10/10
3 Little Fish
30 January 2005
I saw this movie when it was released and just watched it again, in its entirety, for the first time since. This means that I'm completely discounting the horribly butchered version I saw on Bravo (for shame!) a year or so ago. They didn't just bleep out the expletives as you would expect, whole scenes were cut, leaving the work so diluted I almost forgot why I had loved it. It was like Jaws without teeth!

Revisiting books, films or any work of art first experienced in youth can be very interesting, and I found that watching The Last Detail through my now (# unspecified!) year-old eyes was one of the many times something turned out to be even better the second time around. I guess that makes it a classic.

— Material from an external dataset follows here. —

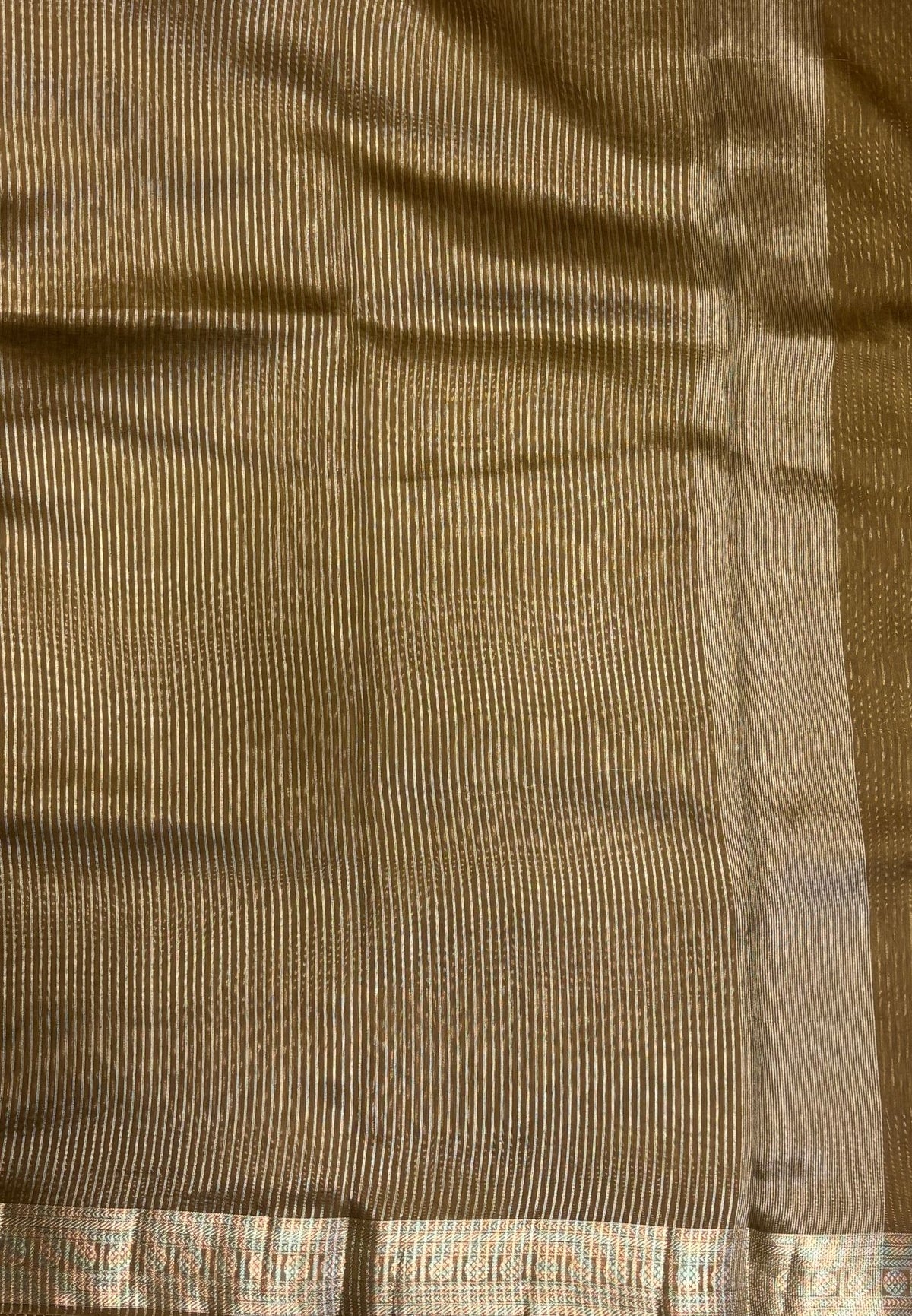 Chanderi Saree-Dry Green in Fine Stripe Zari Border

For those that don't know, this is the story of two career enlisted Navy men who are assigned the dreary detail of delivering a young seaman to prison in Portsmouth, NH, where he will serve an eight year sentence for attempting to swipe $40 from their commanding officer's wife's favorite charity box. It's obvious that poor Meadows, played by Randy Quaid, has been thrown to the dogs for his offense, receiving a dishonorable discharge from the service in addition to the excessive prison term, but this is the Navy and our boys must do as ordered. It's a sh*t detail, but it will take them out of their insulated and listless existence on base "in transition" - that is, waiting for assignment to sea duty - and they quickly formulate a plan to relieve themselves of their charge as fast as possible and spend the bulk of the allotted time and money remaining to party the way good sailors do, namely drinking and whoring.

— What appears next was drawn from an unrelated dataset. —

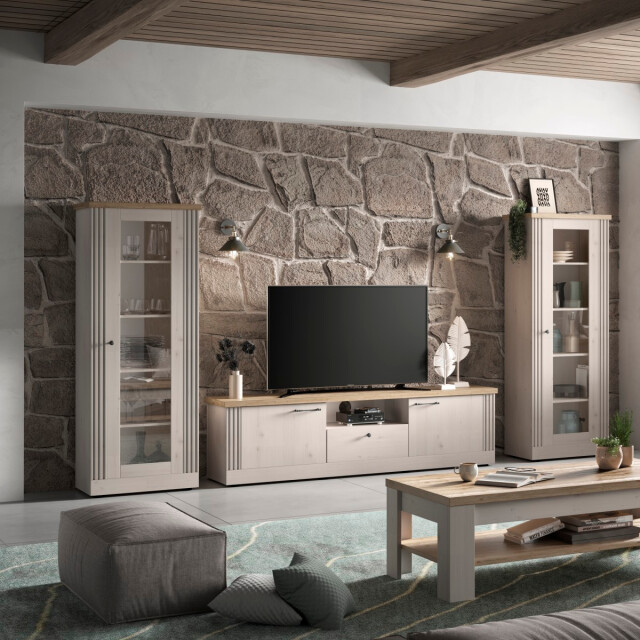 CaliCosy Vitrinekast met 1 deur, decor eiken cadiz en meringuewit h192 cm country 3042330 large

Enter young Meadows, and the master plan takes on a life of its own as the seemingly hardened "Bad Ass" Buddusky (Jack Nicholson) and "Mule" Mulhall (Otis Young) find themselves caught up in Naval-infused fraternity with the childlike Meadows. Resigned to his fate, the hapless swabbie's frustrating passivity is fuel to Baddusky's pugnacious nature, and Mulhall and Meadows are swept along with Chief Signalman Bad Ass on a journey of discovery. From teaching him how to get his hamburger served the way he likes it (with the cheese MELTED, thank you very much), to facilitating the loss of his virginity (Carol Kane is perfect as the young prostitute), this is really a "buddy" movie at its finest.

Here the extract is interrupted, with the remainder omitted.